● What to work on: Only the lines below, from the one with "гражданской позиции... Сегодня" through the one with "Used Mercedes-Benz E", are to be written out, exactly.
= Beginning of Section =
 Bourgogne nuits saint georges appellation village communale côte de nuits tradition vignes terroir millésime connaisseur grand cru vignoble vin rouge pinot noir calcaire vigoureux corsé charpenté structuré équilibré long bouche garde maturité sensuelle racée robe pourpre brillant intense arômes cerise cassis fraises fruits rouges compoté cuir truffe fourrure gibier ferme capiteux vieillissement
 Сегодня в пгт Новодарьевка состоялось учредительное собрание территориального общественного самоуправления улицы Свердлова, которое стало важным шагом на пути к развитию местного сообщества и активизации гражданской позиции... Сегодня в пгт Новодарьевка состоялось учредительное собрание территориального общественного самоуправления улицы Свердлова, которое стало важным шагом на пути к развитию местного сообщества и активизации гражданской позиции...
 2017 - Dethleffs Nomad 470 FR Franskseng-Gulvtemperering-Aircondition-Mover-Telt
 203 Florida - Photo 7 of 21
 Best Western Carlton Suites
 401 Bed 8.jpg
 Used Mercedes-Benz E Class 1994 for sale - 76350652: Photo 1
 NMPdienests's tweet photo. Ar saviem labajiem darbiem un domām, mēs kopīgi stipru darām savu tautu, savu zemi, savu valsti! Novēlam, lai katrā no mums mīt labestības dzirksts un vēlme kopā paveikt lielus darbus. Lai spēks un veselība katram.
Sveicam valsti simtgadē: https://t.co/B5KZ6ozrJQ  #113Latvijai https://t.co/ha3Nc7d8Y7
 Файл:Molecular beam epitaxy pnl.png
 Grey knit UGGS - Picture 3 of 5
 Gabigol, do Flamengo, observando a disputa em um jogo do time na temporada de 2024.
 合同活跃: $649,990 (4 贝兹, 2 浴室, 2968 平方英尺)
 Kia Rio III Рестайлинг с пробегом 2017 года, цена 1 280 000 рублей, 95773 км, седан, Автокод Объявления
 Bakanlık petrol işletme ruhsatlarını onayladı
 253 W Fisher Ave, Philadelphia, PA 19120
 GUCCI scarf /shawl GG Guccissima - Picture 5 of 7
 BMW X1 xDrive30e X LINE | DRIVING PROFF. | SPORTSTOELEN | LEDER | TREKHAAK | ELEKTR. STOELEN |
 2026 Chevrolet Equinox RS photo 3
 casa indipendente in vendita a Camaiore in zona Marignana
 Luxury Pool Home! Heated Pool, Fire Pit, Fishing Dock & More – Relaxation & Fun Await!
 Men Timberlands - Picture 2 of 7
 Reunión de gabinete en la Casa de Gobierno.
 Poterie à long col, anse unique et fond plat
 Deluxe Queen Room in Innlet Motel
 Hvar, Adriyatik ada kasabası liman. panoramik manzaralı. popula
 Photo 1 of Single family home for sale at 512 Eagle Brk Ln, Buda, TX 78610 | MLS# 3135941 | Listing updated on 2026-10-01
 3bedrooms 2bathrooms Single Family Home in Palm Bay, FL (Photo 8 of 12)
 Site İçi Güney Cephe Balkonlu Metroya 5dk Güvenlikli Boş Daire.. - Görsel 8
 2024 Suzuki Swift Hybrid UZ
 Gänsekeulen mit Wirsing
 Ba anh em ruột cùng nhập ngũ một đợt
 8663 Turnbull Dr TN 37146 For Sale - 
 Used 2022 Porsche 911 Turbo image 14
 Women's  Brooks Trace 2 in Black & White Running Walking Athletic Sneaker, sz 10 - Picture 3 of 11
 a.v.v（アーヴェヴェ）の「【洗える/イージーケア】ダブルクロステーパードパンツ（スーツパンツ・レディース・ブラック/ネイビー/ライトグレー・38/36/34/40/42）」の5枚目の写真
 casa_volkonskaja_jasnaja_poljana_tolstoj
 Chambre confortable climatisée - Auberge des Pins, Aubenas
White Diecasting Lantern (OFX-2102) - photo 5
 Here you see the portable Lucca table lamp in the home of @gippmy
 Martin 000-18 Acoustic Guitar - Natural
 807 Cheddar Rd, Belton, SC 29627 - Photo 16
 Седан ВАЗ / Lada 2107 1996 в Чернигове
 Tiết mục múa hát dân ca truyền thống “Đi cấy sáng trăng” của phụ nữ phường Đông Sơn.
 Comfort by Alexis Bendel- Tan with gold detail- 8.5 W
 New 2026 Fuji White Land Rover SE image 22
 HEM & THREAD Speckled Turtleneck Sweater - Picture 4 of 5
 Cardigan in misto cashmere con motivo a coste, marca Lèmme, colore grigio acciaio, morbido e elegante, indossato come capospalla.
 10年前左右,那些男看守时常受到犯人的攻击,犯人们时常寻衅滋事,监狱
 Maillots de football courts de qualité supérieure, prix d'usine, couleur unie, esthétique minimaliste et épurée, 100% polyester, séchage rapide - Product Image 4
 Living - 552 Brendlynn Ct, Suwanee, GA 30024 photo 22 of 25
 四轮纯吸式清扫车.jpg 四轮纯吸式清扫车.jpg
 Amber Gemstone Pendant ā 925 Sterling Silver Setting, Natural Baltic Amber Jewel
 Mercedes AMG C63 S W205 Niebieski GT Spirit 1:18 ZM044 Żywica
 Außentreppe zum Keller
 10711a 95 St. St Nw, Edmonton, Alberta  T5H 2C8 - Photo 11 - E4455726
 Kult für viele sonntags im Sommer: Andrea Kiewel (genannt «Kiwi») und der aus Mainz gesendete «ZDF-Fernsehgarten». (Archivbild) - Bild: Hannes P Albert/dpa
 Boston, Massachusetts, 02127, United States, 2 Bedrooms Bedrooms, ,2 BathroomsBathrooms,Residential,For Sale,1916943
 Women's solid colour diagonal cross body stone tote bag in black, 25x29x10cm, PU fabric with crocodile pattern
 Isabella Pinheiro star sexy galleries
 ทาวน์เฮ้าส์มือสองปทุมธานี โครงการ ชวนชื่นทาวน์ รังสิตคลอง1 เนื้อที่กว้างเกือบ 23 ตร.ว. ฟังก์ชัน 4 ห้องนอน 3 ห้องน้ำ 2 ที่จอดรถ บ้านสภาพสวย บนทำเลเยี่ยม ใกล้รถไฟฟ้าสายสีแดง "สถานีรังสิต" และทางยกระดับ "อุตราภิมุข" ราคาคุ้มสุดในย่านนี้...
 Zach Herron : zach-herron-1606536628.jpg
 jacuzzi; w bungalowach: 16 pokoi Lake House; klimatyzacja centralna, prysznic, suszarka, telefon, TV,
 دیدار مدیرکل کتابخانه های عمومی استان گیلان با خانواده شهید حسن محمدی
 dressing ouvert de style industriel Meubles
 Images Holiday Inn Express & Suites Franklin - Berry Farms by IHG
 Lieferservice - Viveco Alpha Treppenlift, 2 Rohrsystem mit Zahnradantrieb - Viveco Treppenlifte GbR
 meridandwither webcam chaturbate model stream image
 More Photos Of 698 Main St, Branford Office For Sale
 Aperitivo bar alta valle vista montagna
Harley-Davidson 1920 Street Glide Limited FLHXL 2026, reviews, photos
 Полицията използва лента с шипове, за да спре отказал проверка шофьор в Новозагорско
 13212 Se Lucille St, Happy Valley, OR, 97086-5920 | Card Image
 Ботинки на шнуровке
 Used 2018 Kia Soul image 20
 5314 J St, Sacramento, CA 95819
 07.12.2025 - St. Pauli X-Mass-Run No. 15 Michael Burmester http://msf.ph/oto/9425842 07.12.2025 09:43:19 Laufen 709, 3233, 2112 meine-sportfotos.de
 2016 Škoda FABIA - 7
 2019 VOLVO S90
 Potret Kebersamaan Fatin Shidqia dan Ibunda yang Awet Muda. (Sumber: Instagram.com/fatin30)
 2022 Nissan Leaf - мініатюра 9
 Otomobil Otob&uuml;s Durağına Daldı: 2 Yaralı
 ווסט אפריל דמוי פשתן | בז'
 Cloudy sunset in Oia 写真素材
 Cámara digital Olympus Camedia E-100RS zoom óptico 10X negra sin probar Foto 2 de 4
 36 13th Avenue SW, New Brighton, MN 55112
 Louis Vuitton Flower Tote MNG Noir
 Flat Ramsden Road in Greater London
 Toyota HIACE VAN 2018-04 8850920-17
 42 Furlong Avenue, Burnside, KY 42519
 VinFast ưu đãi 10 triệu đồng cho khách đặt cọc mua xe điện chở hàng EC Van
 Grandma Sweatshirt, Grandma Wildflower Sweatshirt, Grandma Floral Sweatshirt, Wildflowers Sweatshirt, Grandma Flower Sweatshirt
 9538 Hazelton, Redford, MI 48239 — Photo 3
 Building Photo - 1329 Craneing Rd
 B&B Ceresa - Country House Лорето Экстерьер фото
= End of Section =
● Response to the task:
 Сегодня в пгт Новодарьевка состоялось учредительное собрание территориального общественного самоуправления улицы Свердлова, которое стало важным шагом на пути к развитию местного сообщества и активизации гражданской позиции... Сегодня в пгт Новодарьевка состоялось учредительное собрание территориального общественного самоуправления улицы Свердлова, которое стало важным шагом на пути к развитию местного сообщества и активизации гражданской позиции...
 2017 - Dethleffs Nomad 470 FR Franskseng-Gulvtemperering-Aircondition-Mover-Telt
 203 Florida - Photo 7 of 21
 Best Western Carlton Suites
 401 Bed 8.jpg
 Used Mercedes-Benz E Class 1994 for sale - 76350652: Photo 1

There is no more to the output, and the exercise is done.